* Short text fragments from websites:
-----

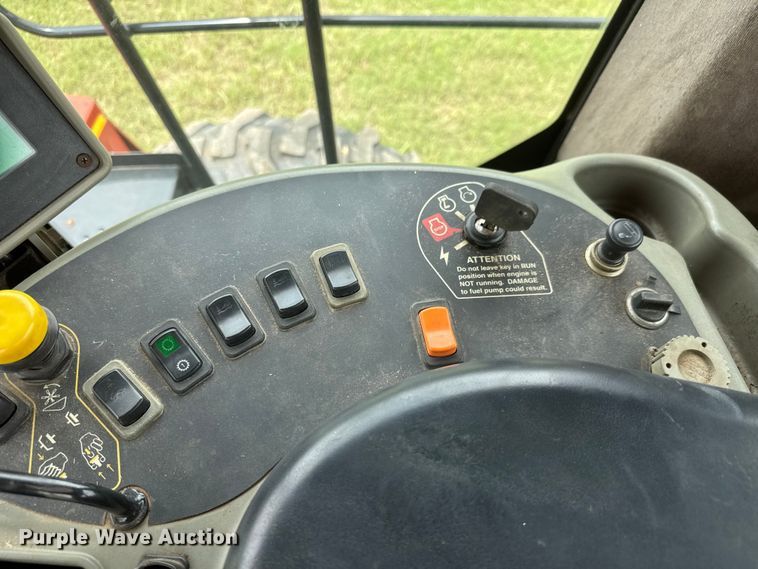 image for item NJ9214 2006 Case IH WDX1902 swather / windrower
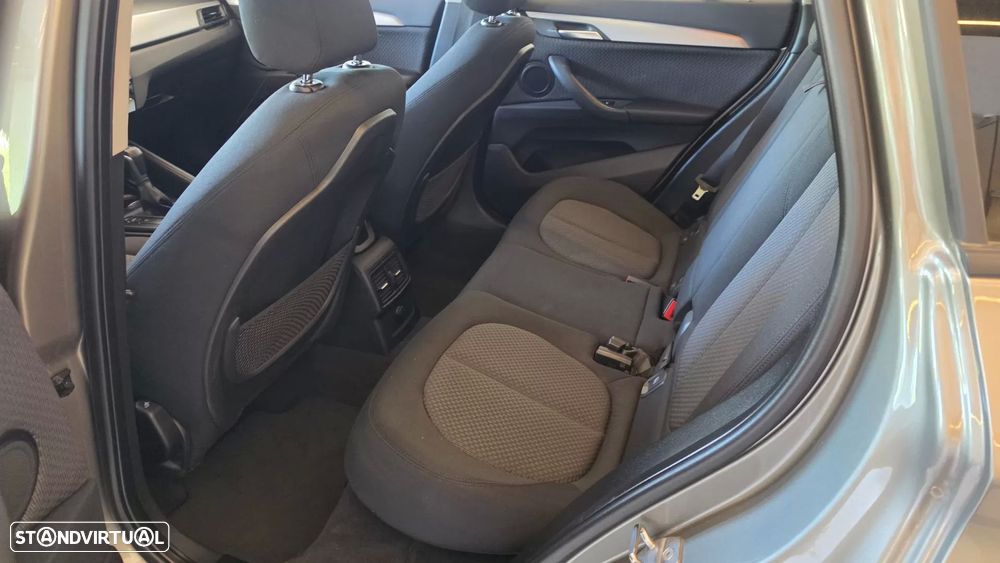 BMW X1 18 d sDrive Auto - 48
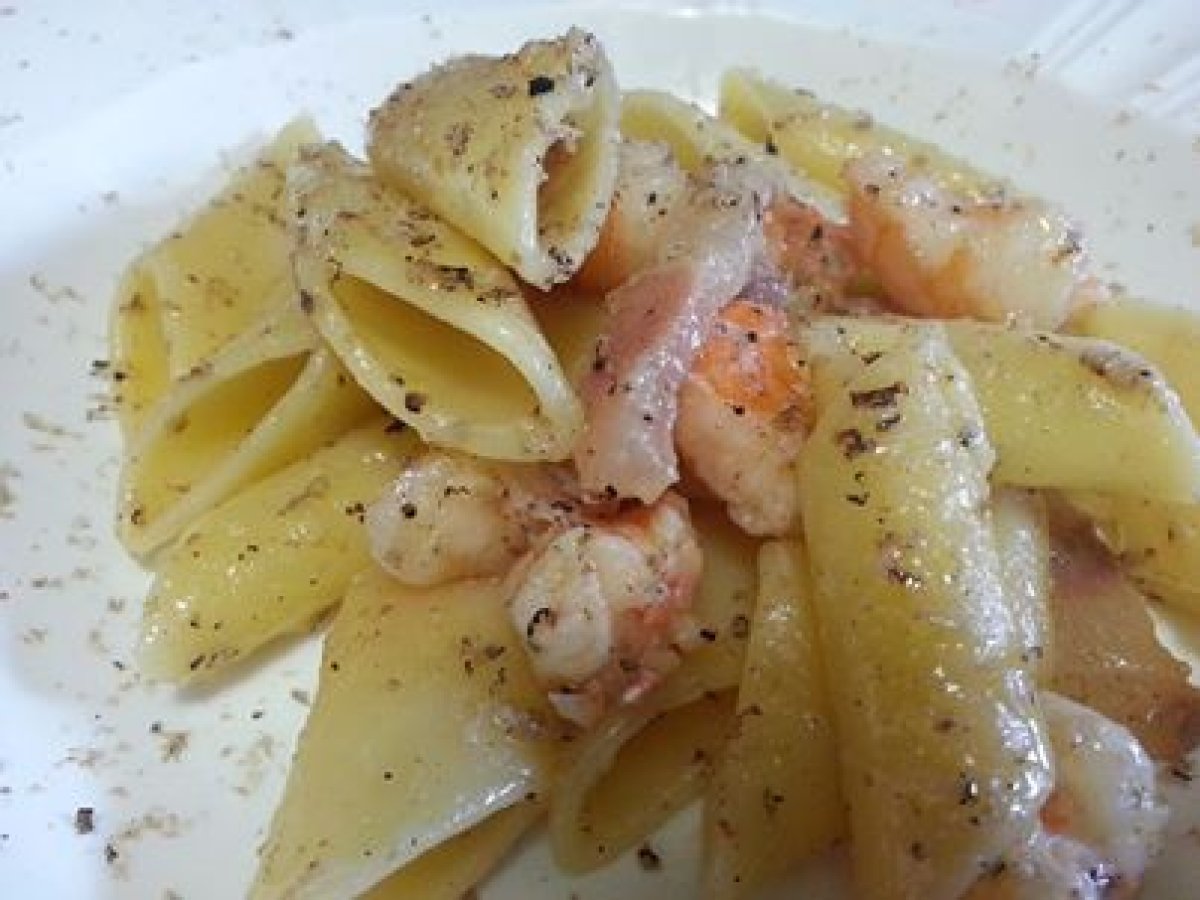 Pennoni guanciale, gamberi e tartufo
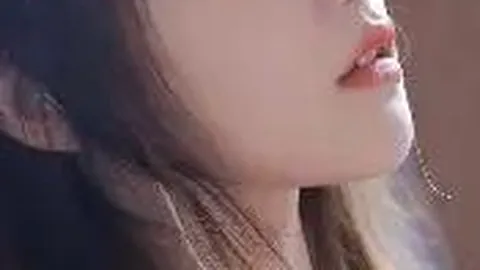 沈梦辰致敬叶珂模仿秀：天生自在，自信释然，笑中带泪跪地狂欢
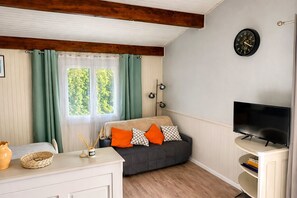 Living area - Furnished house for curists - La Vôge-les-Bains (Bains-les-Bains) (La Vôge-les-Bains)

-----

* Aim of the task:
The data should be printed again unchanged; leave its pictures out.

* Task output:
 image for item NJ9214 2006 Case IH WDX1902 swather / windrower
 BMW X1 18 d sDrive Auto - 48
 Pennoni guanciale, gamberi e tartufo
 沈梦辰致敬叶珂模仿秀：天生自在，自信释然，笑中带泪跪地狂欢
 Living area - Furnished house for curists - La Vôge-les-Bains (Bains-les-Bains) (La Vôge-les-Bains)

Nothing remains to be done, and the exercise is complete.